[Instructions to follow] Consider the listing below. Extract exactly the lines from the line containing "istock Close up" to the line containing "Burberry Brit Rhythm", both included.

[Materials provided]
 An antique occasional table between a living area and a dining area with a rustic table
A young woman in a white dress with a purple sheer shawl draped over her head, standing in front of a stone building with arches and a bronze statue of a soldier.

---

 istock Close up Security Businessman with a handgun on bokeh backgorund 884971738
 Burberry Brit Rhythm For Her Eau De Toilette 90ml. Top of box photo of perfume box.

...

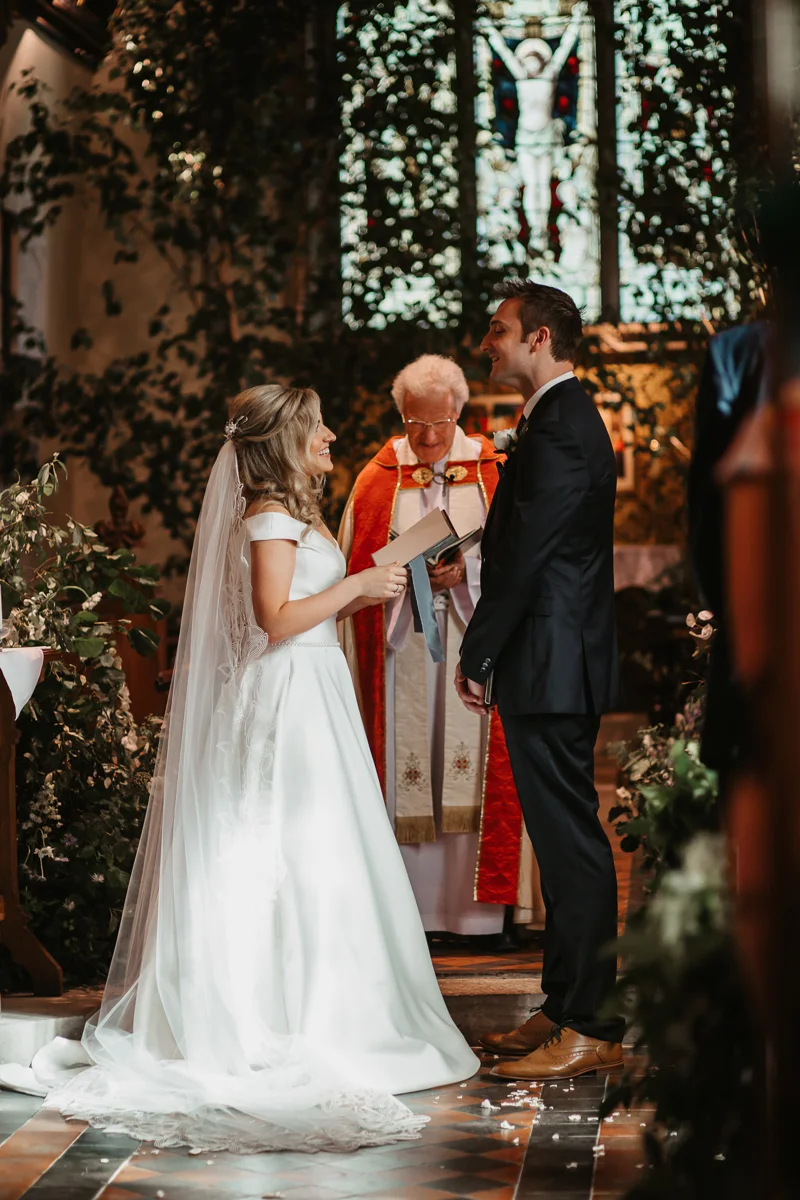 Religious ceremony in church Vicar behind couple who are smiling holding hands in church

[Final answer]
 istock Close up Security Businessman with a handgun on bokeh backgorund 884971738
 Burberry Brit Rhythm For Her Eau De Toilette 90ml. Top of box photo of perfume box.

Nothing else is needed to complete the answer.